Subic Bay è situata di fronte alle coste del Vietnam e, insieme a Hong Kong e all’isola di Tapei, rappresenta la porta d’ingresso del Mar Cinese Meridionale. Vista la posizione strategica, la baia era originariamente stata una importante base militare costruita dagli spagnoli nel 1885 e dismessa dagli americani nel 1992.
Estendendosi dalla Cina, a nord, fino all’Indonesia, a sud, il Mar Cinese Meridionale è la terza porzione di mare più grande al mondo – esclusi i 5 oceani – e trasporta circa un terzo di tutte le spedizioni globali, con un valore stimato di $ 3,37 trilioni annui. L’isola di Luzon e la Baia di Subic sono quindi estremamente importanti sia dal punto di vista militare, sia da quello commerciale.
La bancarotta della Hanjin ha quindi innescato la ricerca di investitori che potessero dare nuova linfa alla zona economica speciale del porto. Ma mentre diverse aziende straniere, da USA, Giappone e Australia, hanno dichiarato il loro interesse all’acquisizione della struttura senza destare preoccupazioni particolari, le offerte di due compagnie cinesi (variamente sostenute dallo stato) hanno innescato la mossa della Marina filippina di prendere una quota diretta nella ex base navale degli Stati Uniti.
Il fatto che la Cina rivendichi oltre l’80% dello specchio d’acqua, anche attraverso la realizzazione di porti e installazioni militari su sette isole artificiali, desta irritazione e preoccupazione da parte delle Filippine, del Vietnam e della Malaysia che condividono rivendicazioni sovrapposte sull’area. Il presupposto legale per le rivendicazioni cinesi è una mappa con nove tratti di penna risalente al 1947, che individua circa tre milioni di chilometri quadrati di oceano che sarebbero storicamente soggetti alla sovranità della Cina fin dai tempi imperiali. La ‘linea dei nove tratti’ estende le acque territoriali cinesi fino a duemila chilometri dalle coste della Repubblica popolare e fino a poche centinaia di chilometri da Filippine, Vietnam e Malesia.

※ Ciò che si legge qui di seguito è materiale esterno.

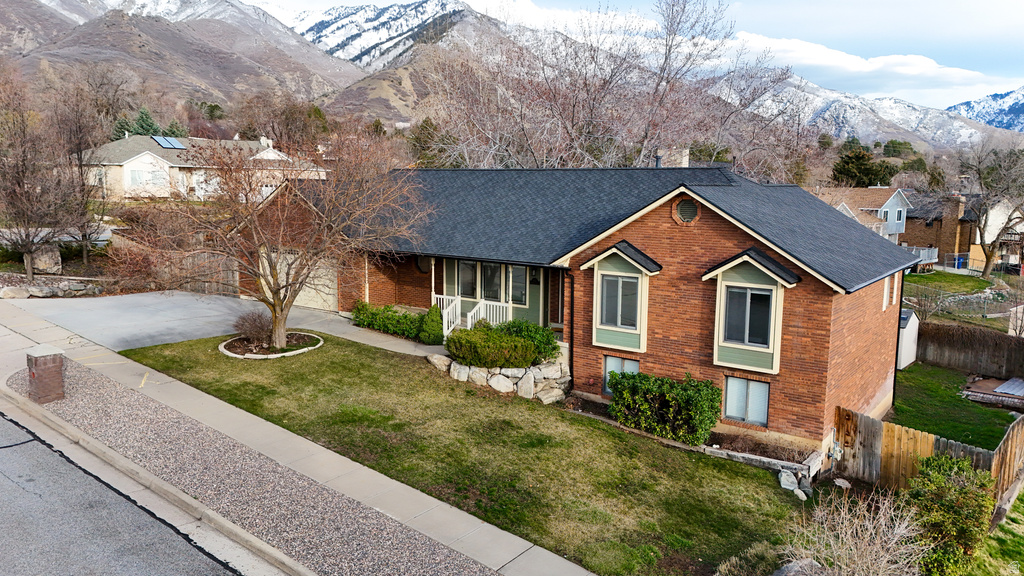 1443 E WASHAKIE CIR Ogden, UT 84403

Dopo aver prestato giuramento come presidente nel 2016, Rodrigo Duterte ha abbassato i toni della disputa sul Mar Cinese Meridionale, stringendo legami economici più stretti con Pechino, fino a raggiungere impegni di investimento per decine di miliardi di dollari da parte delle aziende cinesi nelle Filippine.
Ma la mossa della Marina filippina di prendere in consegna parte del cantiere di Hanjin a Subic Bay segue proprio ad un ordine del presidente filippino Rodrigo Duterte, che ha inoltre approvato la raccomandazione del dipartimento della difesa di dichiarare le aree che circondano il cantiere come aree di riserva militare, per la auspicabile futura ripresa ed espansione del cantiere navale.
La marina sta progettando di utilizzare lo spazio per l’attracco e le riparazioni delle navi, ma permetterà alle operazioni commerciali e di costruzione navale di continuare, tra gli sforzi in corso per trovare un nuovo acquirente.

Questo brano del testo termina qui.